** Opening Information given block **
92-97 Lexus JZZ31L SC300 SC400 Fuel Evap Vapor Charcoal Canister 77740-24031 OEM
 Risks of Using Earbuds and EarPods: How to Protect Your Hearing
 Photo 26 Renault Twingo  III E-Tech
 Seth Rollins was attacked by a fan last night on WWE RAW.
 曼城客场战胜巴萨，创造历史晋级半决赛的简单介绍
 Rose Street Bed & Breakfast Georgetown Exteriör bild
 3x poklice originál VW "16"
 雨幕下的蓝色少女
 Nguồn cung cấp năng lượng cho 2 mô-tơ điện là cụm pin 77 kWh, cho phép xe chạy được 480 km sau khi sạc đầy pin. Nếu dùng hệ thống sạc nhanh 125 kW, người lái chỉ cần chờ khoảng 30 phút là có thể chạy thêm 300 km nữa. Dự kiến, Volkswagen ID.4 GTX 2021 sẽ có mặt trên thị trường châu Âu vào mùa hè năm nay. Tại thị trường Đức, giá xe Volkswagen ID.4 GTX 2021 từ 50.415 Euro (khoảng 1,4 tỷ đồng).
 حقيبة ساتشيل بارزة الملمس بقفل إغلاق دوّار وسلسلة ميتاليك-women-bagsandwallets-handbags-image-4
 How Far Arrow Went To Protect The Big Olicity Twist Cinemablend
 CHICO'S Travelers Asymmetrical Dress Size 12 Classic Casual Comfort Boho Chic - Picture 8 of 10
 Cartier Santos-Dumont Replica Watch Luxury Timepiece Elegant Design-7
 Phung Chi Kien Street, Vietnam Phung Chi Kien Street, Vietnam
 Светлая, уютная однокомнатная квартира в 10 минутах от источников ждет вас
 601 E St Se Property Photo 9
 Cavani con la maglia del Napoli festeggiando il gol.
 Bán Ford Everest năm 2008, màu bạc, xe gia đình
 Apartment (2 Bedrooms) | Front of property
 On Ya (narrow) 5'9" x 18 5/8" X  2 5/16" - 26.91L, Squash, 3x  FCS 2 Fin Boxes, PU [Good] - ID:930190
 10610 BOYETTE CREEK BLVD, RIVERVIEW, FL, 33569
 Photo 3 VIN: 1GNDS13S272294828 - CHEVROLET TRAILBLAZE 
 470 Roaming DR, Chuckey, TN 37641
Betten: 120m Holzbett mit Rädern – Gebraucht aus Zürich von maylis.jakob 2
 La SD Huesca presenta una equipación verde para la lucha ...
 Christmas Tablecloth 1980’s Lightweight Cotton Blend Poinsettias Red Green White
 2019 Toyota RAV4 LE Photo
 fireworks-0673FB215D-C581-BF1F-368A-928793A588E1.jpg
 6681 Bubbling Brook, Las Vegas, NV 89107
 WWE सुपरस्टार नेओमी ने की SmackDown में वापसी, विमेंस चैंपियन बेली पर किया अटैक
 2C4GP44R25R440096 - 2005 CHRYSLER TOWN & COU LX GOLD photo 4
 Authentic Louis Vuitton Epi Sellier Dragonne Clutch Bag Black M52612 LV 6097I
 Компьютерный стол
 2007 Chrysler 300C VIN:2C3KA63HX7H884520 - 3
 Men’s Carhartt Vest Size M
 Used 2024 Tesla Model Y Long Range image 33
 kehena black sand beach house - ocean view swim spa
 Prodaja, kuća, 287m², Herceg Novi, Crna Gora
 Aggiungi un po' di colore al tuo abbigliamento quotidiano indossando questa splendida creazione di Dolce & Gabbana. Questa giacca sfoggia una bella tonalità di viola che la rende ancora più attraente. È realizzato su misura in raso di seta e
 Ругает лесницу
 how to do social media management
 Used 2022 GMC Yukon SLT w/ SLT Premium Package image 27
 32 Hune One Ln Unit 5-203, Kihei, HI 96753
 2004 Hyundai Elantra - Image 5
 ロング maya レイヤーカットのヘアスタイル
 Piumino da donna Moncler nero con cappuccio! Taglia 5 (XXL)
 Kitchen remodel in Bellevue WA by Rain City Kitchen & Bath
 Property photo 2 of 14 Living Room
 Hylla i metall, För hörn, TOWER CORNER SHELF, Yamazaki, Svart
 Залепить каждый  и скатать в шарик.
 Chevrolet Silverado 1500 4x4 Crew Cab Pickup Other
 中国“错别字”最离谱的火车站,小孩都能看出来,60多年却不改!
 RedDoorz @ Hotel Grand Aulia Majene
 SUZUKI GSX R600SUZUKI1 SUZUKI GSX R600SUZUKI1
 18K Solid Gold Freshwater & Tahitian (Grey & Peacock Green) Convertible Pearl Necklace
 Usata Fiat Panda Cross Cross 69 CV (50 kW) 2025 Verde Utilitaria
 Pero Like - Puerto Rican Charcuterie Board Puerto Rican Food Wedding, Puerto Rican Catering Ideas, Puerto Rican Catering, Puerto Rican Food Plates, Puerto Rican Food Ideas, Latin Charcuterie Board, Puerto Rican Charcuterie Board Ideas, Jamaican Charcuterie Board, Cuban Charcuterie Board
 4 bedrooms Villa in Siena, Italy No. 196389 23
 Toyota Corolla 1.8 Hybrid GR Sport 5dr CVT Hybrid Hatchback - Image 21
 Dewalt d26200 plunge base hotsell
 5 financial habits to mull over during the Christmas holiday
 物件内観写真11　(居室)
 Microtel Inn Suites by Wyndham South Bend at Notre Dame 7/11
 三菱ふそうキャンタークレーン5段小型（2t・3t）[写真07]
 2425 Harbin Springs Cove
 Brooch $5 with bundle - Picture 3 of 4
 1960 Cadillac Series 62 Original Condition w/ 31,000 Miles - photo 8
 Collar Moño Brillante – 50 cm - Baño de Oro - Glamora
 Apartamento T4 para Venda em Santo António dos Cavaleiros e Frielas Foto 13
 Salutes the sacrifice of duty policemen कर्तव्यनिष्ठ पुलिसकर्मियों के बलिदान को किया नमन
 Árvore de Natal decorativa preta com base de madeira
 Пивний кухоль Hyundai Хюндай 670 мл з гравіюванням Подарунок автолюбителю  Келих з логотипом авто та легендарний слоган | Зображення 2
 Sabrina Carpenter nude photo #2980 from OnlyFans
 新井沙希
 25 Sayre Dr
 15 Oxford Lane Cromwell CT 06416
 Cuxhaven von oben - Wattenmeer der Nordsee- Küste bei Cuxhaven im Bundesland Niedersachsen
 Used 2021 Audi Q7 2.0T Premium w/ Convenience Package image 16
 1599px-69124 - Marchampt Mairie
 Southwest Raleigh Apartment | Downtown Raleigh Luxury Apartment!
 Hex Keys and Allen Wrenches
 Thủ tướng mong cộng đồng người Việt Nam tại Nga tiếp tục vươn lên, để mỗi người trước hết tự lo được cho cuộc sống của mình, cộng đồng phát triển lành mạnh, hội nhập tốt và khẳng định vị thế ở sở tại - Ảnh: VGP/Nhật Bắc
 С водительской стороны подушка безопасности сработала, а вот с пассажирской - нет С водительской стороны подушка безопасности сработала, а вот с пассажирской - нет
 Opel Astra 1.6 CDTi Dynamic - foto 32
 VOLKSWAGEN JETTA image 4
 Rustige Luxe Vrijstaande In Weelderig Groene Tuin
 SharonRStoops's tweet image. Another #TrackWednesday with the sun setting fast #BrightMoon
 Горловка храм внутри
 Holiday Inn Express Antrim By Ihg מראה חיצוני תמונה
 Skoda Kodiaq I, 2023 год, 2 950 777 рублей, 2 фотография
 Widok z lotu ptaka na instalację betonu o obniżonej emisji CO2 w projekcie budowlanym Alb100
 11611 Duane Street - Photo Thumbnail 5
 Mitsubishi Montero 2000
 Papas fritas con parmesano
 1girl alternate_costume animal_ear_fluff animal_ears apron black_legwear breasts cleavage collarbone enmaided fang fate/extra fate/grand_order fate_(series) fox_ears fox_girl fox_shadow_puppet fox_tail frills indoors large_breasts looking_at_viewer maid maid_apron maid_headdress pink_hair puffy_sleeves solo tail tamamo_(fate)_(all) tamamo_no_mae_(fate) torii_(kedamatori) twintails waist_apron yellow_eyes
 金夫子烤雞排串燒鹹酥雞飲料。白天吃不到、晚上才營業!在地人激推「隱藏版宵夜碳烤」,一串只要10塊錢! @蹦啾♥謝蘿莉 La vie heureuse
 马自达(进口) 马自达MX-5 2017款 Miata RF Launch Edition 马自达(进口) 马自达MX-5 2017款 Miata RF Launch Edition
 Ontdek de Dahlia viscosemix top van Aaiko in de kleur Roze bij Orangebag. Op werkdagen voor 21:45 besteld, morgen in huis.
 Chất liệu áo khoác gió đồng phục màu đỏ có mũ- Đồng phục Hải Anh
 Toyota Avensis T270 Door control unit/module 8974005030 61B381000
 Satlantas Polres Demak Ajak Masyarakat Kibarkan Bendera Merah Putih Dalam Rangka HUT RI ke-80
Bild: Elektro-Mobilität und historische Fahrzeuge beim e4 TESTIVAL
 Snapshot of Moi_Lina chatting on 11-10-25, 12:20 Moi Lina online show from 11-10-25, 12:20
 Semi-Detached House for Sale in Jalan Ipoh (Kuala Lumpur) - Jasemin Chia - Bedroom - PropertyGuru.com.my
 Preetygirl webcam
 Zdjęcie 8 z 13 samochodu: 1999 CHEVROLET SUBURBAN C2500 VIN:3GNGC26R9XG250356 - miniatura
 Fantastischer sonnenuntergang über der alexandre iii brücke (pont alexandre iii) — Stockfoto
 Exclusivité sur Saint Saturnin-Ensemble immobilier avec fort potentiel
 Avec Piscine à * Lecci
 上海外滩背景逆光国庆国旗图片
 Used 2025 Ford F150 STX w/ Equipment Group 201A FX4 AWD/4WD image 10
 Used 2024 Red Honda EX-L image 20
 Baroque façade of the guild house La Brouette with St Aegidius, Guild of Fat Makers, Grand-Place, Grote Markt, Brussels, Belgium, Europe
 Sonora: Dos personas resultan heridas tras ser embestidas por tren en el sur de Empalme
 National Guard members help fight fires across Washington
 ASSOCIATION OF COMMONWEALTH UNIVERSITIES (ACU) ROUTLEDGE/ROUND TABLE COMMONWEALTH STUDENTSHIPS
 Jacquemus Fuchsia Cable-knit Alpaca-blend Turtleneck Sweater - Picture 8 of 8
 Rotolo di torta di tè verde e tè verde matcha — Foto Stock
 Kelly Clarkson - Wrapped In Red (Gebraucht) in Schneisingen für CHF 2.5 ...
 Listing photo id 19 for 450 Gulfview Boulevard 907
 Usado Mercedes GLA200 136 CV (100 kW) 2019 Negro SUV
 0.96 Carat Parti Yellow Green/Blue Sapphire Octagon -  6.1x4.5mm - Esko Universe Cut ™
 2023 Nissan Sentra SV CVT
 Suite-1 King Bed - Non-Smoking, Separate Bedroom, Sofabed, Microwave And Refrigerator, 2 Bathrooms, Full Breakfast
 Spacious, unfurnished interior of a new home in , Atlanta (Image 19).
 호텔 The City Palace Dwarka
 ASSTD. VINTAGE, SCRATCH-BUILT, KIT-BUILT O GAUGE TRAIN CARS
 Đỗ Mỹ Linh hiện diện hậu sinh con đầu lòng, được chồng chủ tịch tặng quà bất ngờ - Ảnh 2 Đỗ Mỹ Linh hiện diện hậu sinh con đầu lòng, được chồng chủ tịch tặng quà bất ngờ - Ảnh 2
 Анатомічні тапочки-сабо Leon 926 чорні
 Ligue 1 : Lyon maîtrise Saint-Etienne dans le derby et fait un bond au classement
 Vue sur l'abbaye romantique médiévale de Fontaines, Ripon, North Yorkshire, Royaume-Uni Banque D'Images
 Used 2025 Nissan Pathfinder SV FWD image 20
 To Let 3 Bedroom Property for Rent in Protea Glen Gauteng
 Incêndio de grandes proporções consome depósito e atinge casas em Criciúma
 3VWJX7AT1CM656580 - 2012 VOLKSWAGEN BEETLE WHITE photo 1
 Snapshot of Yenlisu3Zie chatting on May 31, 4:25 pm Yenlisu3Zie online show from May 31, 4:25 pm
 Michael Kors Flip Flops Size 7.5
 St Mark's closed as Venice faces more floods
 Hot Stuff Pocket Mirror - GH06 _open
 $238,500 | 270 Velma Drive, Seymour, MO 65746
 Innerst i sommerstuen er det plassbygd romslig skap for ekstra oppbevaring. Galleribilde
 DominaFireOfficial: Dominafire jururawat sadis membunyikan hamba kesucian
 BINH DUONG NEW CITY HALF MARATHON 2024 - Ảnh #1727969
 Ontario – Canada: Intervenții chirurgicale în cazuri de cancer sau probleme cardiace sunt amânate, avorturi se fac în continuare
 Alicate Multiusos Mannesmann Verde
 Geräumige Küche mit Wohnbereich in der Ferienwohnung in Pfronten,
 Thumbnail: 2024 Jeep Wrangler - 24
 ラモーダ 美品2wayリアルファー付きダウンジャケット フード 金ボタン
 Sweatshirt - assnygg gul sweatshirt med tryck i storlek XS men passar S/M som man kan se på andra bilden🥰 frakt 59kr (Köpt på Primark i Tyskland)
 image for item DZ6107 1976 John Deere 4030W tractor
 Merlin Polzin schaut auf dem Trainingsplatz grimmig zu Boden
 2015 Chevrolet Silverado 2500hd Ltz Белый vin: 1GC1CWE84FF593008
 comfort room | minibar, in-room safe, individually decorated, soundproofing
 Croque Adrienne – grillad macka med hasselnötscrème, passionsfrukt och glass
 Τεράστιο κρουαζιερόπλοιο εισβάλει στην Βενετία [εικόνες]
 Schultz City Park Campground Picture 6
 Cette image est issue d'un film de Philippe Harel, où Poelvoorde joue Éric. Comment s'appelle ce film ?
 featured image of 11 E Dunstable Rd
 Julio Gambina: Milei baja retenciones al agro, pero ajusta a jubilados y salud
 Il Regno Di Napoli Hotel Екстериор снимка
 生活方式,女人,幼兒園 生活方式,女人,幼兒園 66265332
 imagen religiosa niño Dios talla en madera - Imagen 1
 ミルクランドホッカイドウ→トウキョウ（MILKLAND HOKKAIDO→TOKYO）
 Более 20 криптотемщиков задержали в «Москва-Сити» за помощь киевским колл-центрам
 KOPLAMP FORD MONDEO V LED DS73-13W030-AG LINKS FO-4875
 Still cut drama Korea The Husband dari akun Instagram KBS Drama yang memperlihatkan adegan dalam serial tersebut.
** Closing Information given block **
Task description:
Return the material exactly as it stands above, but only from its first line to the line containing "曼城客场战胜巴萨，创造历史晋级半决赛的简单介绍", both ends included.

Response to the task:
92-97 Lexus JZZ31L SC300 SC400 Fuel Evap Vapor Charcoal Canister 77740-24031 OEM
 Risks of Using Earbuds and EarPods: How to Protect Your Hearing
 Photo 26 Renault Twingo  III E-Tech
 Seth Rollins was attacked by a fan last night on WWE RAW.
 曼城客场战胜巴萨，创造历史晋级半决赛的简单介绍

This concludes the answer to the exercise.